The group said the reason for the decrease was because several high earners were included in a redundancy programme as part of an ongoing restructuring initiative called Vision 2020 which saw it shell out nearly £1.3m in payments during the period.
But the wages figures don’t include the salaries paid to the CITB’s directors which saw outgoing chief executive Sarah Beale, who leaves the group at the end of next week after 16 years at the organisation, handed £155,000 to £160,000 in pay – down from the £180,000 to £185,000 she picked up the year before.
In all, the six directors named in the report were paid up to £446,000 between them last year, a one third drop on the £680,000 they picked up in 2019/20.
CITB said its annual wage bill dropped 15% by more than £5m to £29m while it also pared back the amount it spent on temporary staff – trimming this figure by more than threefold from £5m to £1.5m.
The group has been undergoing a restructuring since Beale announced Vision 2020 nearly four years ago which has seen hundreds of jobs go.
At the start of the initiative, the group had more than 1,400 staff with the latest accounts showing the numbers employed at CITB during the period dropped 17% year-on-year to 764.

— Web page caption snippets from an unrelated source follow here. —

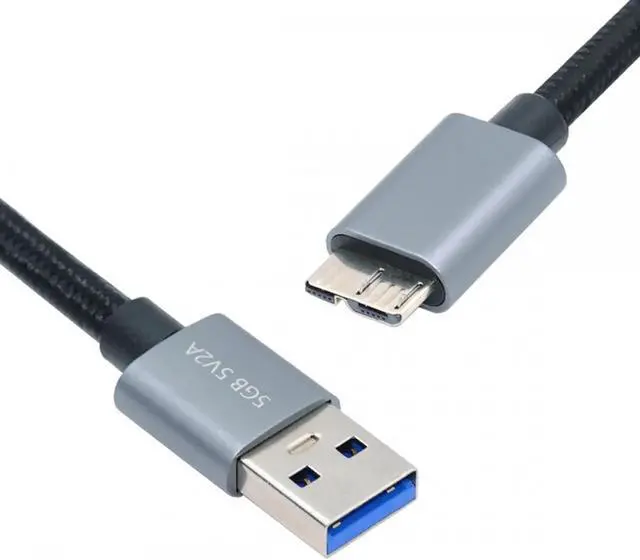 Main image of USB 3.0 Type-A Male to Micro 3.0 B Male Cable Silver 5Gbps for Disk SSD Camera Data 30cm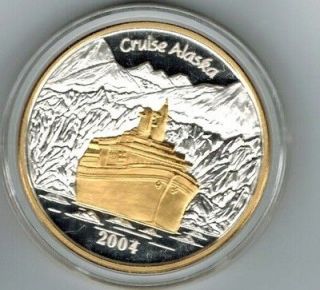 2004 ALASKAN ALASKA CRUISE 1 TROY OUNCE ROUND COIN .999 FINE SILVER 
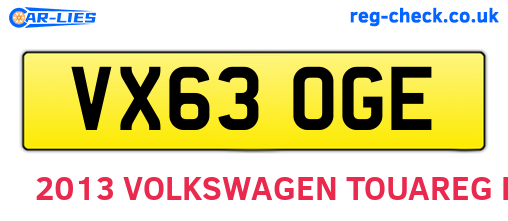 VX63OGE are the vehicle registration plates.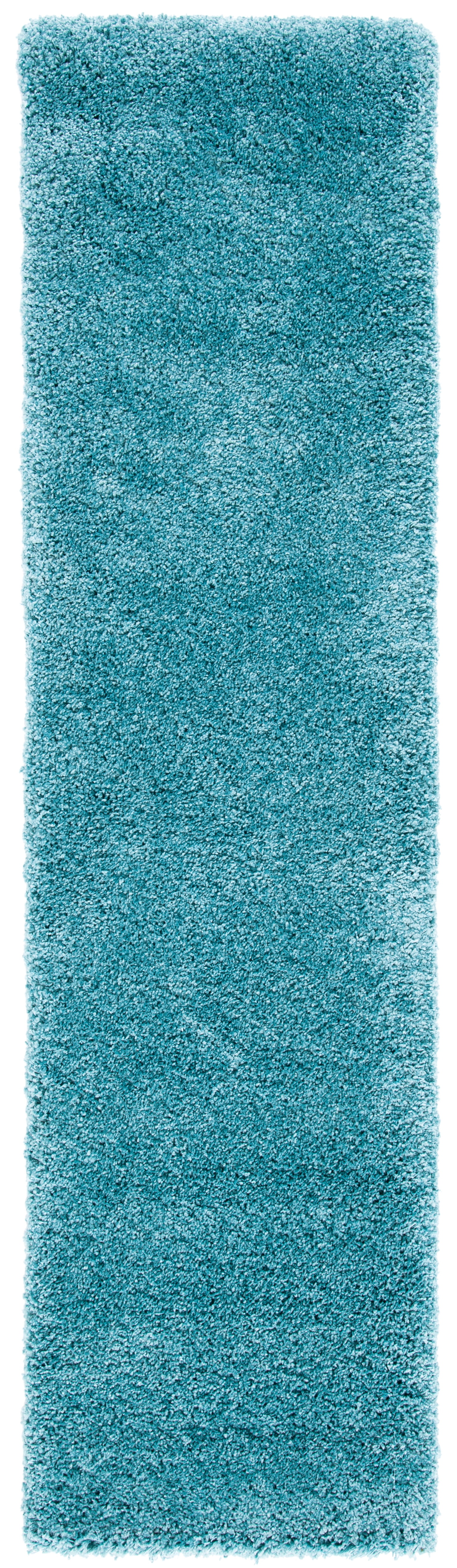 Aqua Blue Hand-Knotted Shag Synthetic Rug, 2' x 16'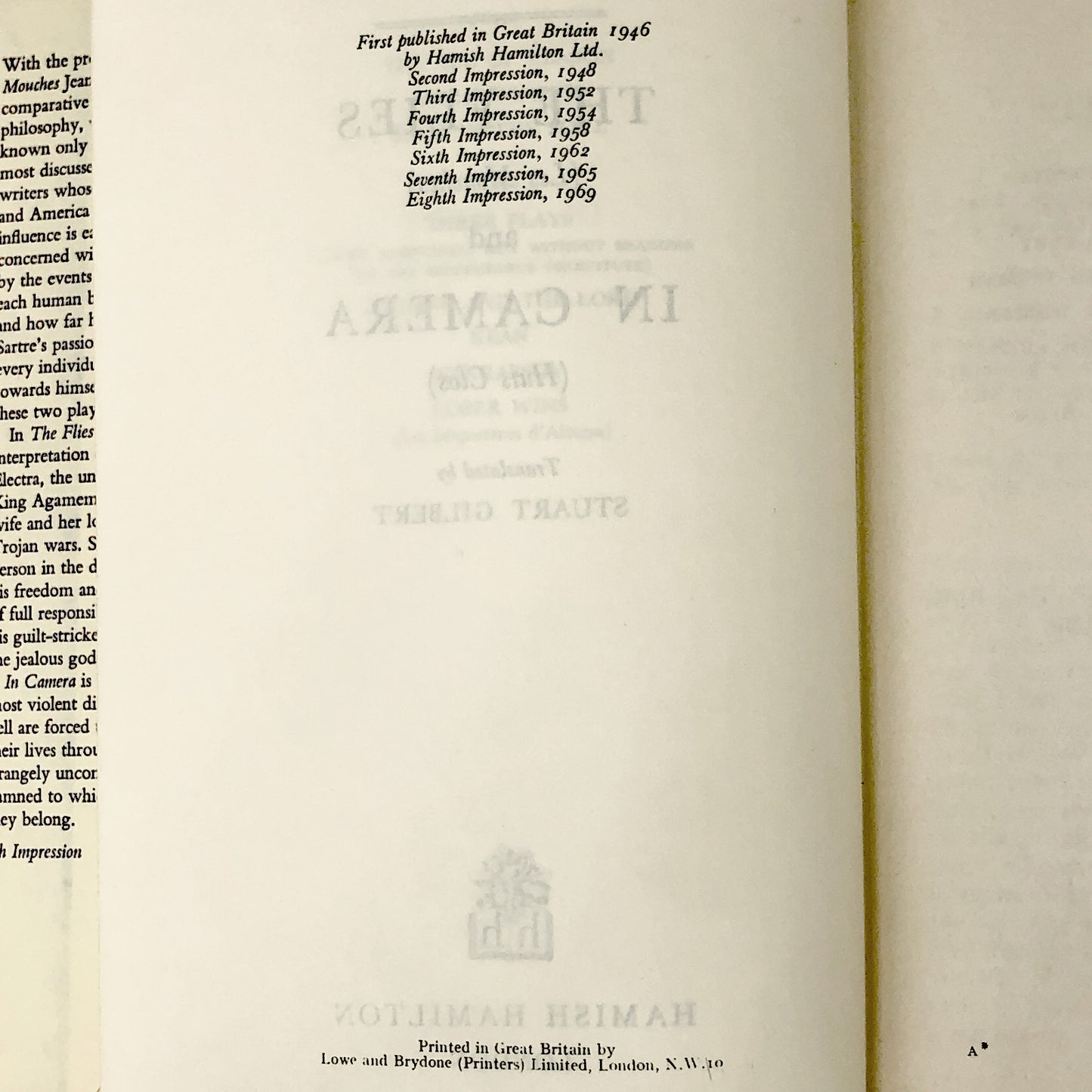 Two Plays: The Flies (Les Mouches) & In Camera (Huis Clos) by Jean-Paul Sartre [U.K. FIRST EDITION] 8th Impression ❧ 1969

It said the latest redundancy payment was the last under the restructuring bringing the amount it has shelled out to former employees as a result to more than £13m.
The accounts also reveal CITB claimed £4.4m in payments from the government’s Coronavirus Job Retention Scheme which saw 612 staff, around 80%, furloughed at any one time between April last year and the end of March 2021.
Total income for the year was £254m, £20m down on last time, with the bulk of this, £192m, coming from the levy. Expenditure fell by more than £90m from £283m to £188.5m.
The biggest recipients of grants were Taylor Wimpey with £1.8m, Kier with £1.79m and Transport for London with £1.76m. Others included Royal Bam with £1.56m and O’Rourke Investments, part of Laing O’Rourke, with £601,000.